As you may have heard, Star Wars: The Force Awakens has taken in more than a billion dollars worldwide, so far. $1.09 billion, to be exact.
But the folks over on Return of Kings still think that their “boycott” of the film was a HUGE SUCCESS. How’s that, you ask?
Well, as RoK contributor David Garrett figures it, if Return of Kings hadn’t warned the men of the world that The Force Awakens is “SJW propaganda,” the film might have taken in roughly $4.2 million more than it did.
That’s right: it could have made $1,094,200,000 instead of the paltry $1,090,000,000 it’s taken in so far.
IN YOUR FACE, SJWs!
So how exactly does Garrett arrive at that $4.2 million figure? WITH SCIENCE.

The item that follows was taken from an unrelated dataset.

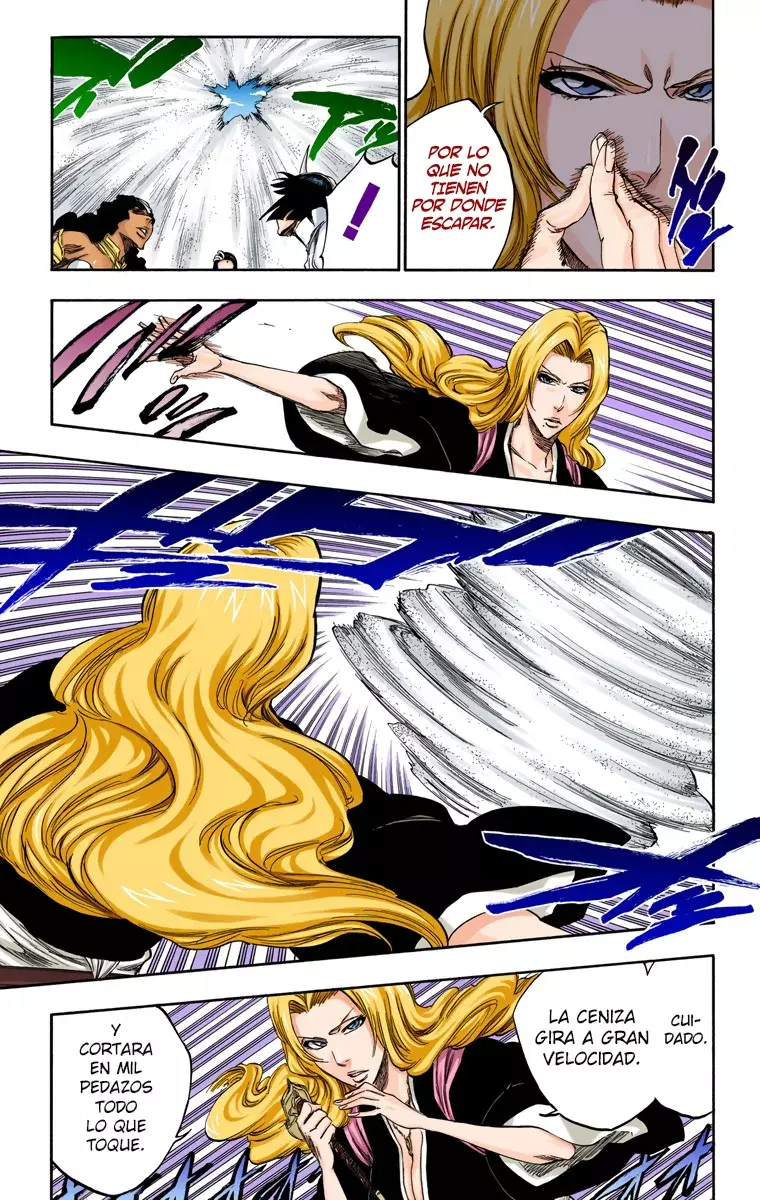 Read Bleach Full Color ES Manga Online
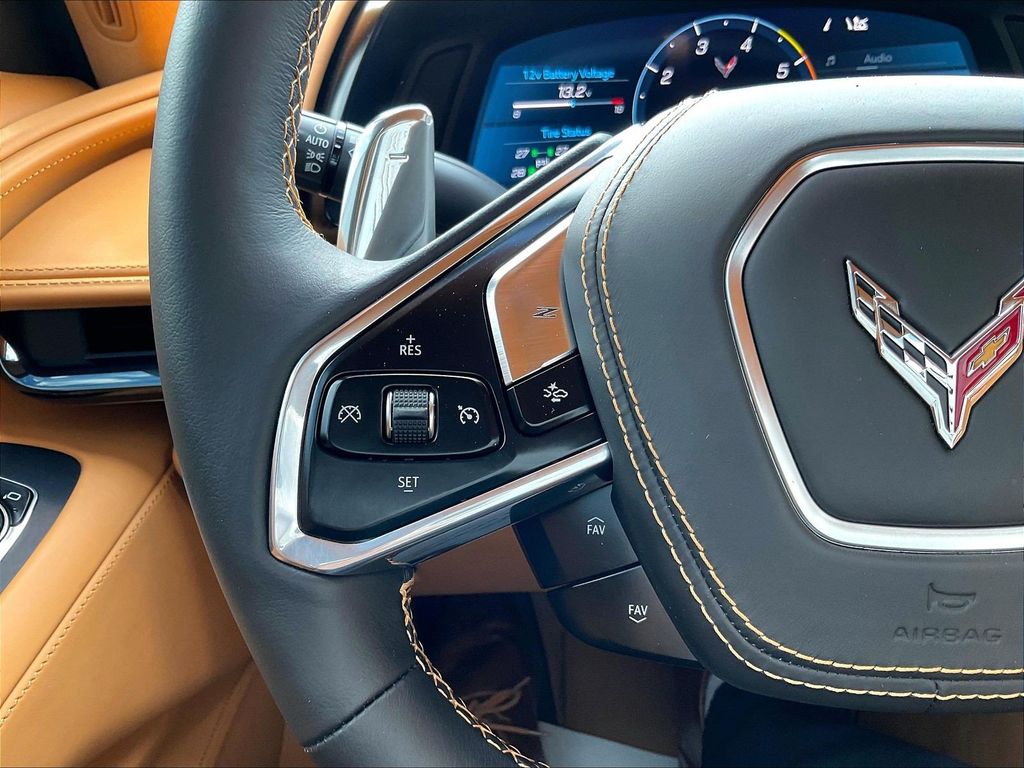 2024 Chevrolet Corvette — photo 23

Fifty-five percent of respondents to a Return of Kings Twitter poll have said that online reporting of the social justice nature of The Force Awakens influenced their decision whether to see the film. Extended across our readership, with over 900,000 users accessing ROK between November 21 and December 21, this amounts to a potential direct impact of $4,219,456.54 (55% x $8.38 x 915,482) on total revenues. $8.38 is based on the average cinema ticket price in the US, which is now an all-time high.
Well, you can’t argue with that!
And that $4,219,456.54 figure doesn’t even take into account the other right-wing media outlets that warned their readers about the evil SJW agenda behind The Force Awakens. Add that in, Garrett suggests, and the total cost of the right-wing “boycott” is in the “tens of millions of dollars.”
I have done a similar calculation to determine how much of a financial effect my writings about their “boycott” have had on the box office of The Force Awakens.
8.38 (ticket cost in dollars) x 7,390,966,099 (the number of people who might have been influenced by my posts, based on total world population) + 0.47 (amount of change in my pocket) – 7.67 (estimated cost of lunch today) / 2 (number of cats in my apartment)
So that comes to $61,936,295,906 per cat in my apartment. In other words, without my influence, The Force Awakens would have lost $60,846,295,906 at the box office (per cat in my apartment), making it the biggest financial disaster in Hollywood history. (I think. I’m not really that good at math.)
A loss of that magnitude would have had a disastrous effect on the world economy, including my cats. And I have prevented it.